EXERCISE BRIEF:
Excluding pictures, reproduce word for word the lines from the one containing "WESTMINSTER ROYAL BRITISH" through the end of the material below.

STORED DATA:
==========

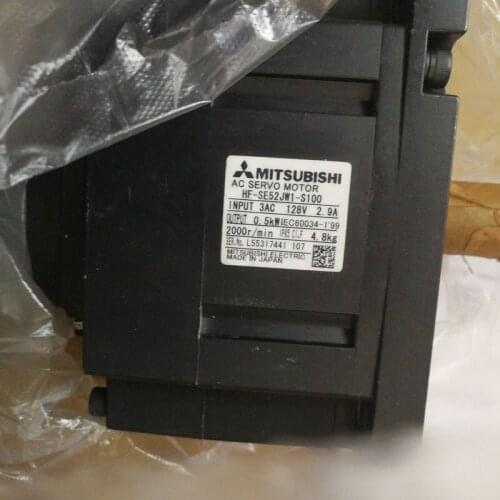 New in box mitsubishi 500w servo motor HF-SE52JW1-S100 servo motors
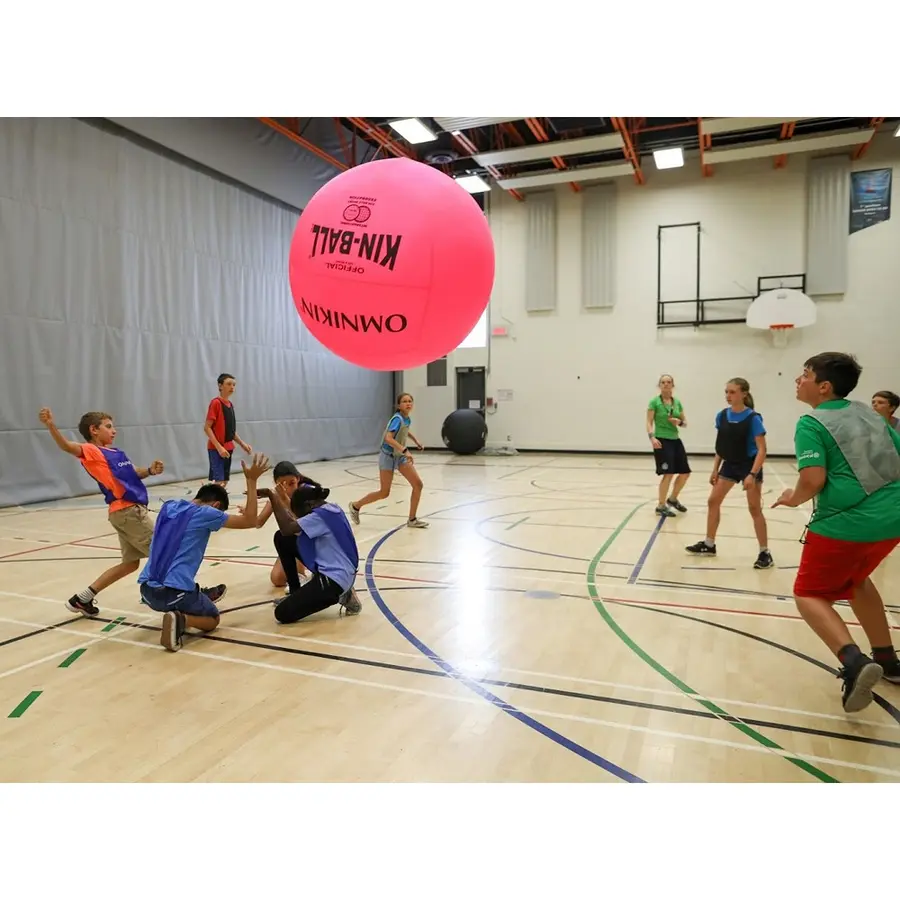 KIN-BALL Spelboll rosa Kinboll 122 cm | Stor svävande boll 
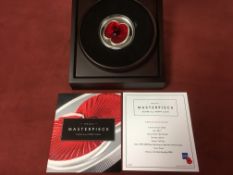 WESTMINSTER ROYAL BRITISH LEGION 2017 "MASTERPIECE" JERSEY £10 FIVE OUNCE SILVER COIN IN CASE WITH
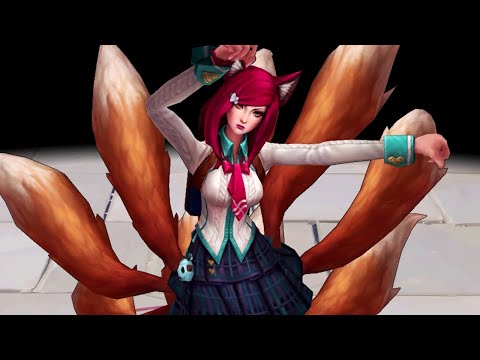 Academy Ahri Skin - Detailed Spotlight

==========

OUTPUT FOR THIS EXERCISE:
 WESTMINSTER ROYAL BRITISH LEGION 2017 "MASTERPIECE" JERSEY £10 FIVE OUNCE SILVER COIN IN CASE WITH
 Academy Ahri Skin - Detailed Spotlight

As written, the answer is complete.